Does dieting make you fat?

Last Updated April 13, 2007

Writer William Leith's The Hungry Years: Confessions of a Food Addict describes the frustrations of people who try various diets only to discover that the weight they lose quickly returns when the diet ends, often with a vengeance.

fats Does dieting make you fat?

Lose 15 pounds, gain back 20, that sort of thing.

Leith set off on a quest to examine all the many diets over the decades, from Atkins to Scarsdale, and from grapefruits to vinegar, only to collide with one of the oldest frustrations of weight-loss and weight-gain — that dispiriting Sisyphean effect in which dieters gain back more weight than they lost.

Leith says that most of his life he has battled his bulging body, going from fat to slim, then podgy, then back to slim, but not as slim as before, then back to plump — sometimes to gargantuan. Four years ago, after trying a variety of faddish diets, the six-foot-plus Leith ended up weighing 240 pounds, which he says made him appear "obese."

"Why, when I got fat again, was I always fatter than I'd been the time before?" Leith asks in an excerpt that appeared in Britain's Daily Telegraph. "And why, when I got slimmer, was I never as slim as I'd been the time before?"

His quest took him to California where he encountered Dr. Traci Mann, a social psychologist at the University of California in Los Angeles. Mann led a team of researchers who examined some 30 long-term studies of diets, the results of which appeared this month in American Psychologist, the journal of the American Psychological Association.

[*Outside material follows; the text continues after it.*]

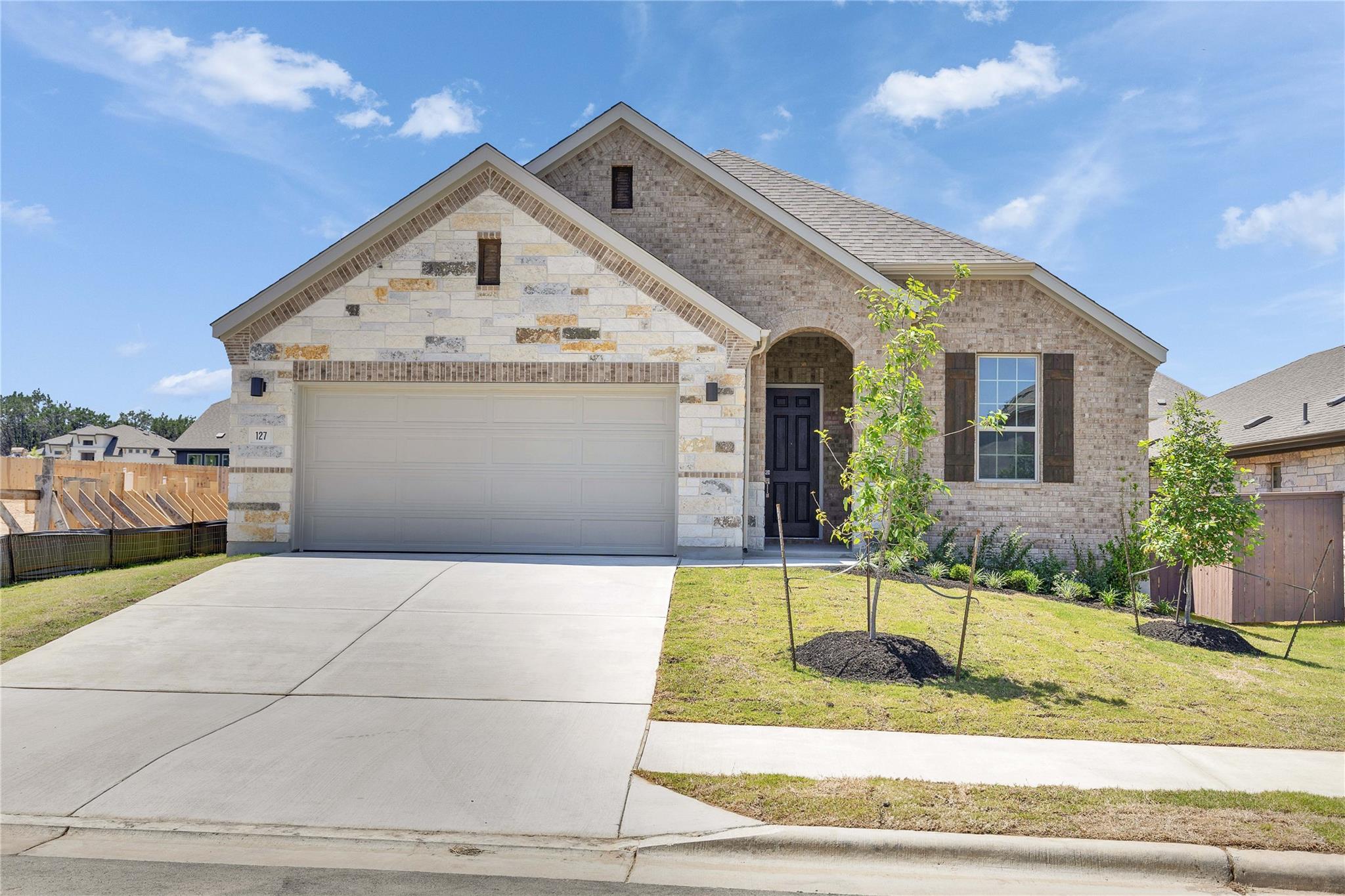 127 Douglass WAY Property Photo 1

Not only did she and her UCLA team determine that diets most often result in weight gain, but that a constant weight-loss, weight-gain cycle exerts a devastating toll on the body that is linked to cardiovascular disease, stroke, diabetes and altered immune function.

Diet or not

"What happens to people on diets in the long run?" Mann asked. "Would they have been better off not to go on a diet at all? We decided to dig up and analyze every study that followed people on diets for two to five years. We concluded most of them would have been better off not going on the diet at all. Their weight would be pretty much the same, and their bodies would not suffer the wear and tear from losing weight and gaining it all back."

Mann addresses the serious issue of how Medicare in the United States is considering defining obesity as an illness, which would open the door to funding treatments for obesity.

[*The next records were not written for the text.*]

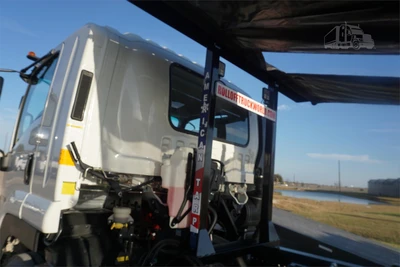 Used 2027 ISUZU FVR Hooklifts & Roll-Offs Texas US | Roll Off Truck World #1491763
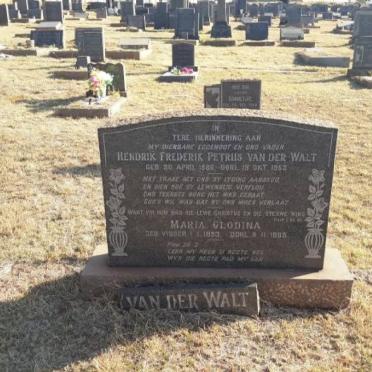 WALT Hendrik Frederik Petrus, van der 18??-1953 &amp; Maria Glodina VISSER 1893-1985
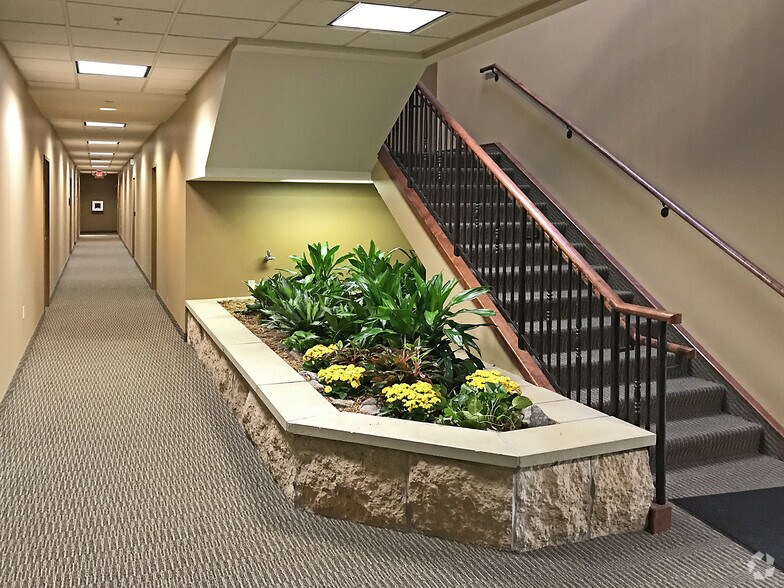 More Photos Of 563 Bielenberg Dr, Woodbury Medical For Sale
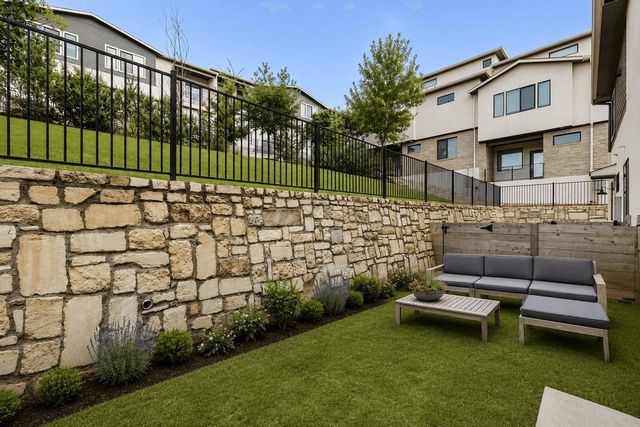 2050 Lohmans Spur RD 603, Lakeway, TX 78734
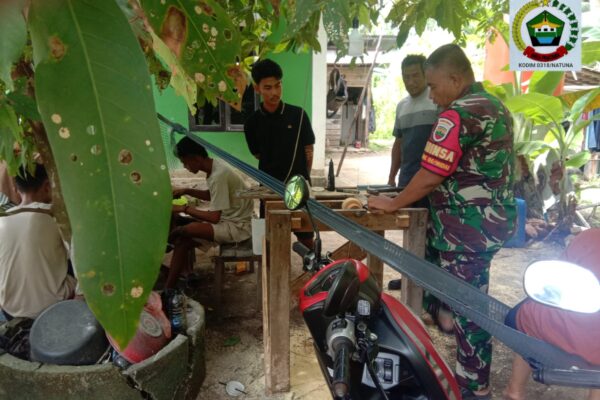 Babinsa Desa Air Putih Laksanakan Komsos dengan Warga yang Membuat Gasing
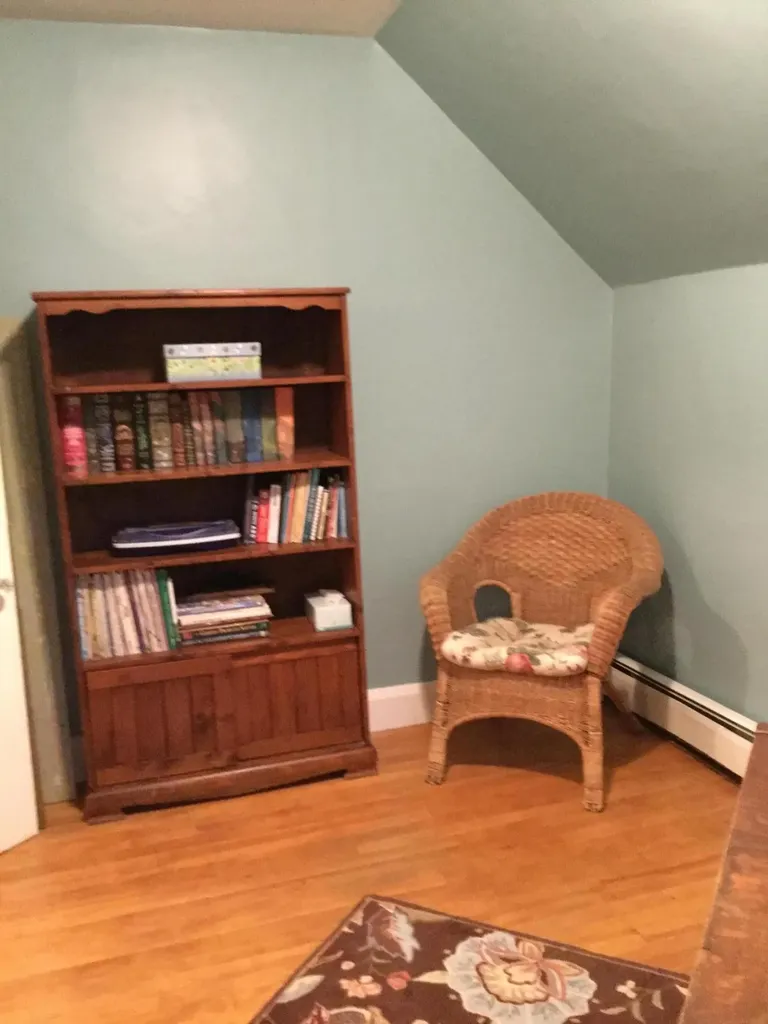 38 Pleasant Street Gardiner ME 04345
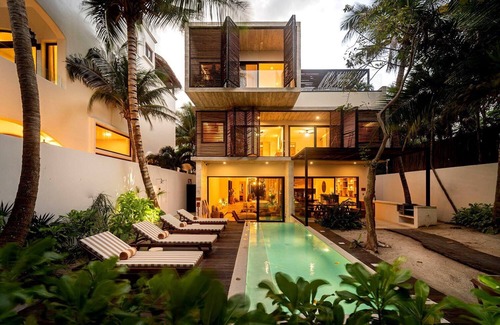 Zona Hotelera Villa | Azumaya Beach House Tulum – Beachfront, Chef Included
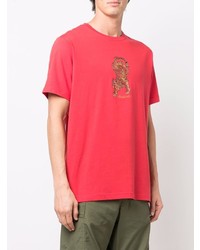 rotes besticktes T-Shirt mit einem Rundhalsausschnitt von Maharishi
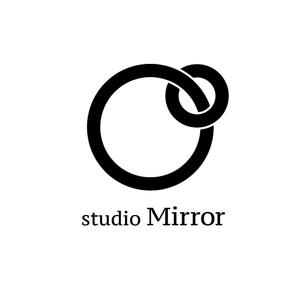 anju mori (juchan0126)さんのマタニティ・ベビー写真専門スタジオ「studio Mirror」のロゴへの提案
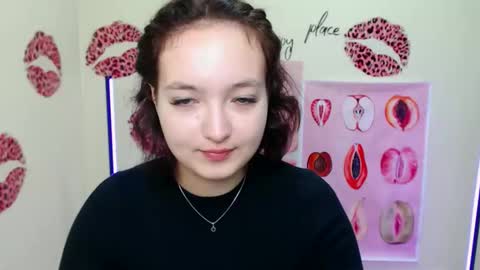 Snapshot of mistyrosee chatting on October 28, 2025, 7:34 am Aria online show from October 28, 2025, 7:34 am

"We are recommending that Medicare should not fund weight-loss programs as a treatment for obesity," Mann said. "The benefits of dieting are too small and the potential harm is too large for dieting to be recommended as a safe, effective treatment for obesity."

Better, she says, is the standard, un-faddish regimen of moderate food intake and regular exercise.

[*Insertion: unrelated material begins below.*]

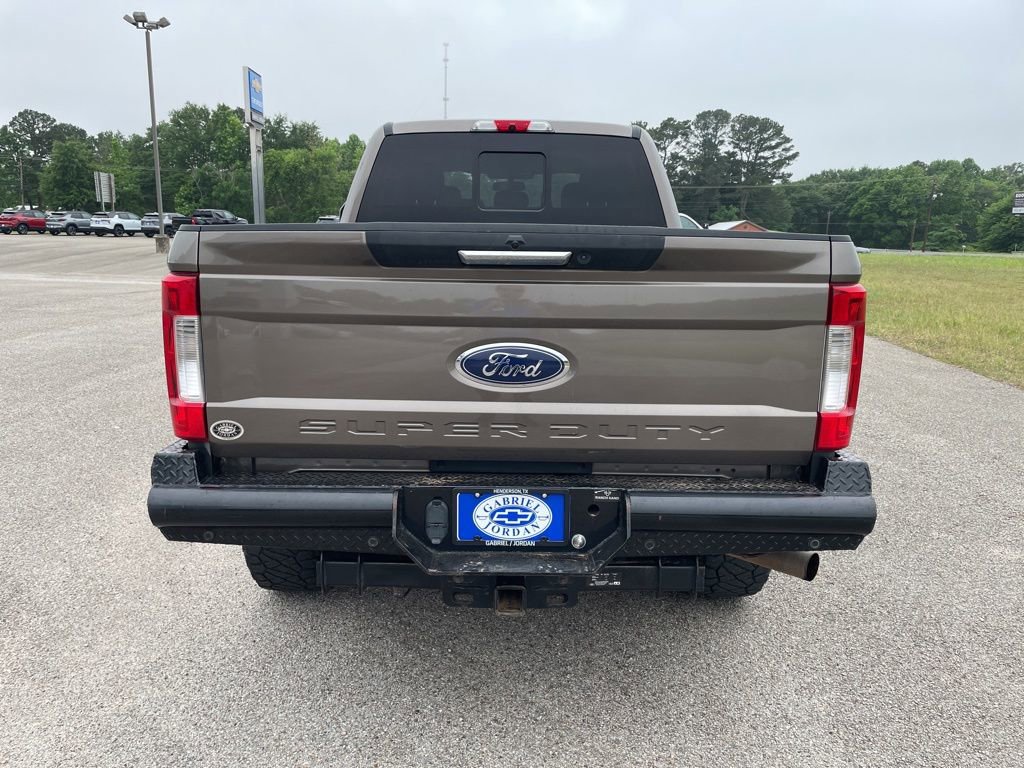 Used 2019 Ford F250 Lariat w/ Lariat Value Package AWD/4WD image 4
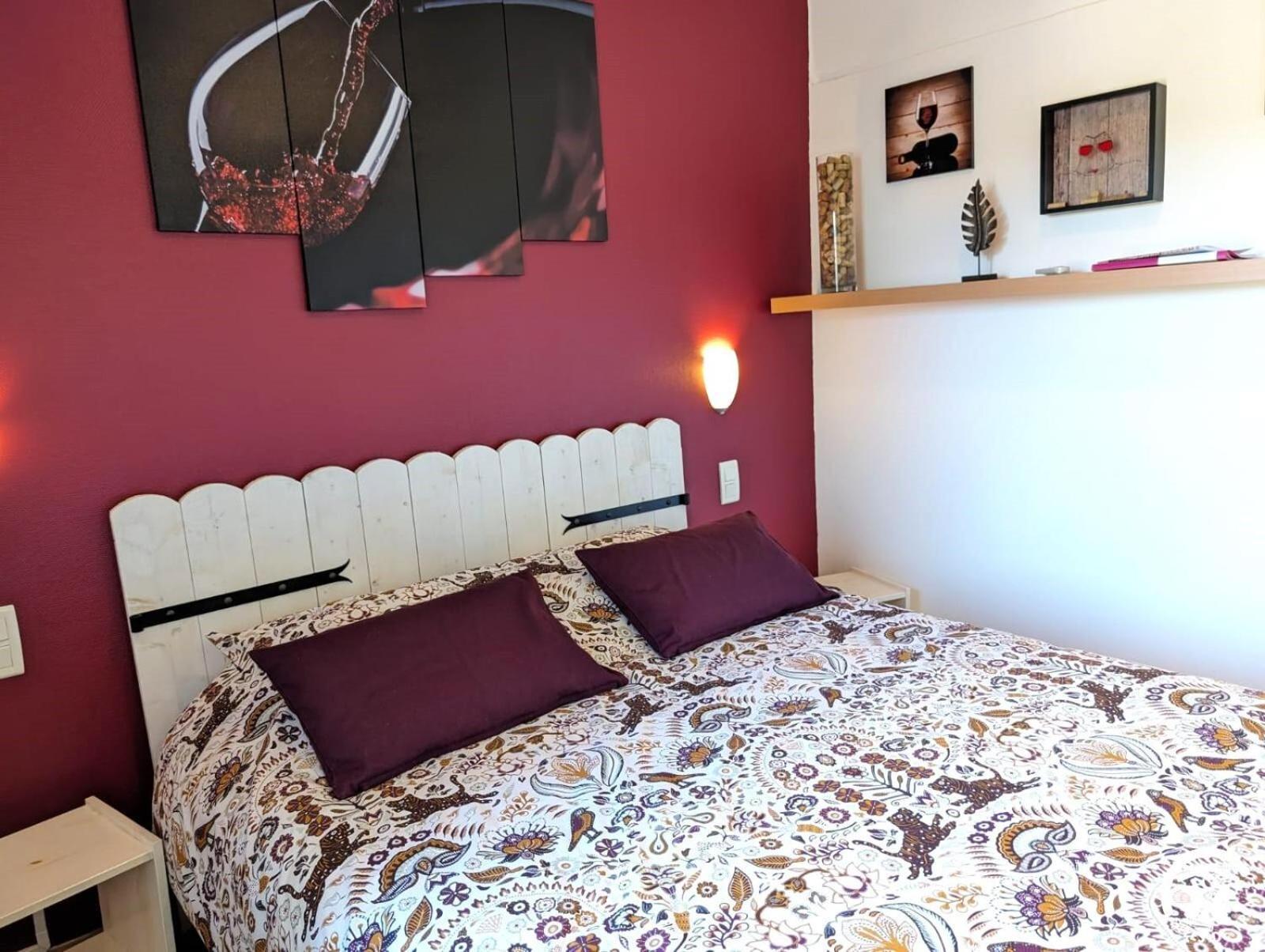 Bed and Breakfast La Maison Millesime La Caunette Екстер'єр фото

"Eating in moderation is a good idea for everybody, and so is exercise," Mann said. "This is not what we looked at in this study. Exercise may well be the key factor leading to sustained weight loss. Studies consistently find that people who reported the most exercise also had the most weight loss."

Hunters and gatherers

Back in 1983, Geoffrey Cannon and Hetty Einzig wrote a book titled Dieting Makes You Fat, which reaches back to the hunter-gatherer stage of human development to explain the peculiarities of the weight-gain, weight-loss cycle.

Cannon suggests that the problem may be more psychological than physical, that in our hunter-gatherer stage we became programmed to over-eat when food was available. He wrote a letter to the British Journal of Nutrition in 2005 in which he said:

"After a period of food deprivation, our bodies developed mechanisms to store calories by over-riding signals of satiety and increasing hunger signals — even when they were not necessary. Your body forces you to store calories in anticipation of the next period of food deprivation — even if it never comes."

Cannon suggests that modern diets have much the same effect on people who try various diets. The problem today, he explains, is the abundance of easily obtainable, calorie-dense food together with an abundance of modern conveniences that encourage a more sedentary lifestyle.